Bad precedent being set

A letter of resignation from Forbes journalist Adam Pennenberg to publisher Tim Forbes has been reproduced on the BME Web site. Pennenberg, who has been threatened with a grand jury subpoena by the US Department of Justice (DoJ) to testify in connection with a story he wrote on the crew which defaced the New York Times Web site in 1998, has rejected a 'compromise' with the Department that the Forbes legal department had reached on his behalf.

The compromise, hashed out by Forbes attorney Tennyson Schad, supposedly would limit prosecutors to establishing the accuracy of Pennenberg's 1998 story on the exploits of Times defacers Slut Puppy and Master Pimp, "We Were Long Gone When He Pulled the Plug".

Pennenberg says that attorney Schad pressured him to accept the deal with DoJ, but that he refused in order to preserve his news sources. "I explained [to Schad that] it would ruin my credibility, since I'd never get another scoop if I cooperated with DoJ. How could a source ever trust me again? I also told him this would make Forbes look bad, since we would be caving in to the government."

Following consultations with several criminal defence lawyers, Pennenberg became convinced that Schad was unwittingly selling him down the river. "None of [the lawyers] agreed with Tenn," he says.

"They warned me that no pre-arranged compromise with DoJ would be enforceable on the stand. Once there, if I refused to answer a question, I could be held in contempt and go to jail anyway, and there'd be nothing I could do about it. One appeals lawyer told me his caseload is rife with cases in which the FBI and DOJ had been accused of reneging on pre-arranged deals.
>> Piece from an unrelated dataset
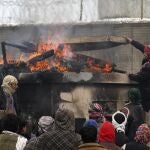 Protestas delante de la base militar norteamericana de Bagram, al norte de Kabul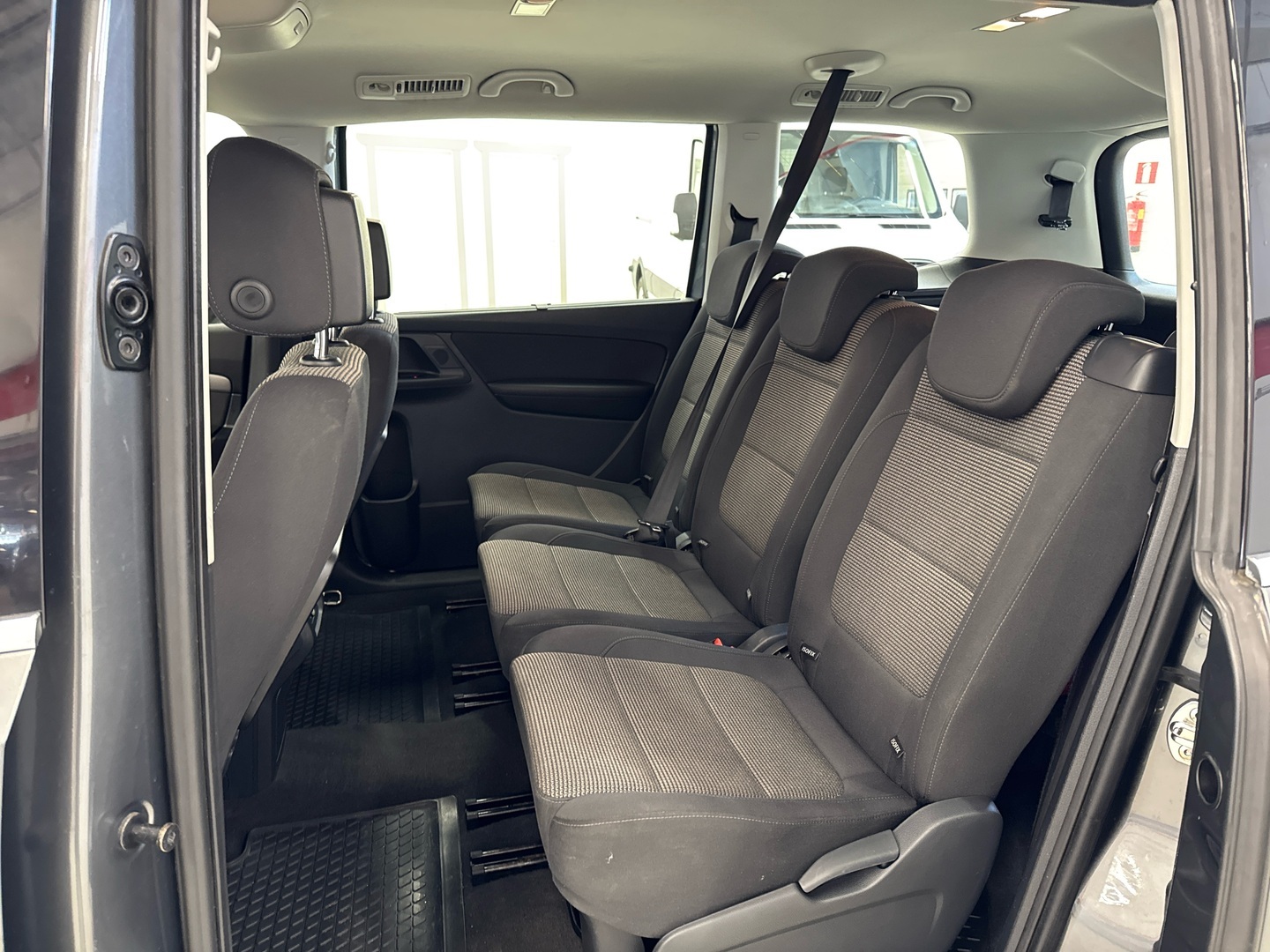 VOLKSWAGEN Sharan 2012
Schad, Pennenberg notes, is a fish out of water -- an experienced civil lawyer being asked to handle a criminal case. "Would you hire a criminal defense attorney to represent you in a civil case," Pennenberg asks rhetorically. "I would hope not. And I would argue you shouldn't hire a civil lawyer to handle a criminal case -- and whenever DoJ gets involved, it's a criminal case."

For Pennenberg, the question is not so much claiming publicly that his story was accurate, but doing so from the dock. "For the record, every single word in my story is true. But, as I have said to Tenn repeatedly, there's a huge difference between confirming that my story is factually correct....and taking the stand."

To Forbes he offered a sobering personal thought. "The real victims here are the great journalists who work for you. They must be thinking, 'If it could happen to [him], it could happen to [me]'. Will they write that hard-hitting expose, or will they pull their punches because they know that, when push comes to shove, they can't trust Forbes to back them to the hilt?"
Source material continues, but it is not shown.